Evaluate the performance using accuracy_score and classification_report from sklearn. Comment on the model's performance considering precision and recall. Comment on the generalisability of the model (does it have similar performance on the test set as with the cross validation set?)

Use `X_train_imputed`, `y_train`, `X_test_imputed`, `y_test`.

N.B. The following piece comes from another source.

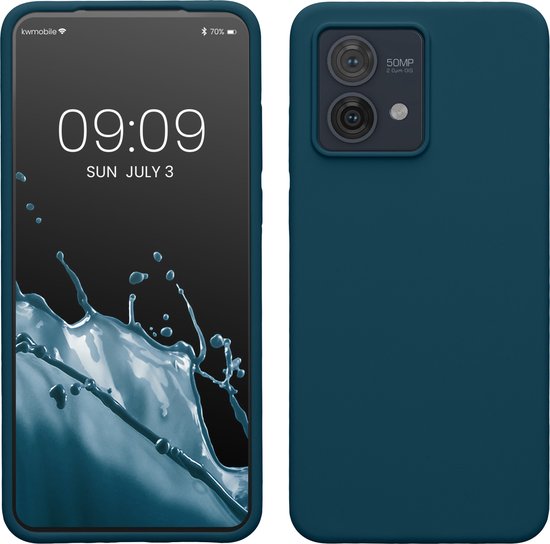 kwmobile coque de téléphone compatible avec Motorola Moto G84 5G - Coque avec revêtement en silicone - Coque pour smartphone en pétrole mat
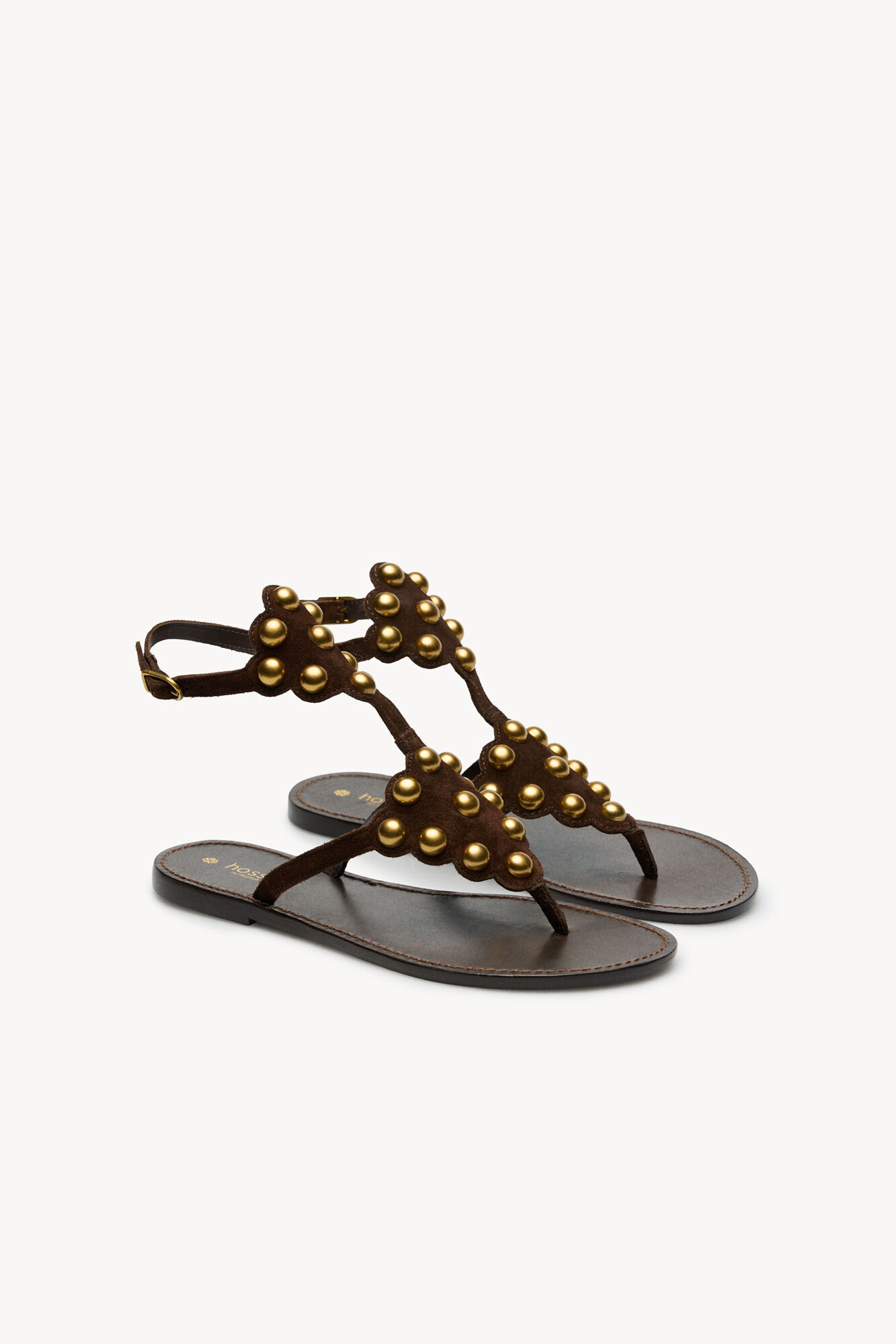 Hoss Intropia Maisa. Sandalias piel piezas met&aacute;licas Marron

# 5. Evaluate feature importance
Identify and visualise the top 10 most important features that influence when Gringotts approves a loan.

Comment on the impact of the top few features.

# 6. Understanding model's performance further

In [None]:
!pip install fairlearn
from fairlearn.metrics import MetricFrame, selection_rate

Determine if the model exhibits bias by performing significantly differently across various groups. For instance, assess whether the model's performance is superior or inferior for samples where the gender is male compared to other groups.

Use the get_fairness_evaluation function to analyze the impact of this and other variables on model performance. This function uses Fairlearn to evaluate how the model fares across different classes, focusing on sensitive metrics such as accuracy, balanced accuracy, precision, and recall.

In [None]:
def get_fairness_evaluation(X_test, y_test, y_pred, columns):
  sensitive_features_df = X_test[columns]

  def precision_wrapper(y_true, y_pred): return precision_score(y_true, y_pred, pos_label='Yes', zero_division=0)
  def recall_wrapper(y_true, y_pred): return recall_score(y_true, y_pred, pos_label='Yes', zero_division=0)

  mf = MetricFrame(metrics={
                      'accuracy': accuracy_score,
                      'balanced_accuracy': balanced_accuracy_score,
                      'precision': precision_wrapper,
                      'recall': recall_wrapper,
                      'count': lambda y_true, y_pred: y_true.shape[0]},
                  y_true=y_test,
                  y_pred=y_pred,
                  sensitive_features=sensitive_features_df)

  plot = mf.by_group.plot.bar(
    subplots=True,
    legend=True,
    figsize=[12, 8],
    title="Fairness Metrics Across Sensitive Features"
  )

  plt.tight_layout()
  plt.show()

  return mf.by_group

In [None]:
get_fairness_evaluation(X_test_imputed, y_test, y_pred, ['gender'])

Try out different combinations. For example you can pass as input to the columns feature ['bloodline', gender'].

# Sociotechnical questions

Reflection questions: As part of the assessment of this bounty you will also be graded on how you reflect on the following questions. When practicing AI Ethics, it is important to understand AI as socio-technical systems, and that although technical issues can be problematic, one need to understand the systematic and social structures giving rise to them in the first place.

- Can all problems with bias be solved technically? If not, why?
- What decision-making systems should be using algorithmic/AI approaches and which should not?
- Is it just and fair to solve problems with bias by fixing technological constraints?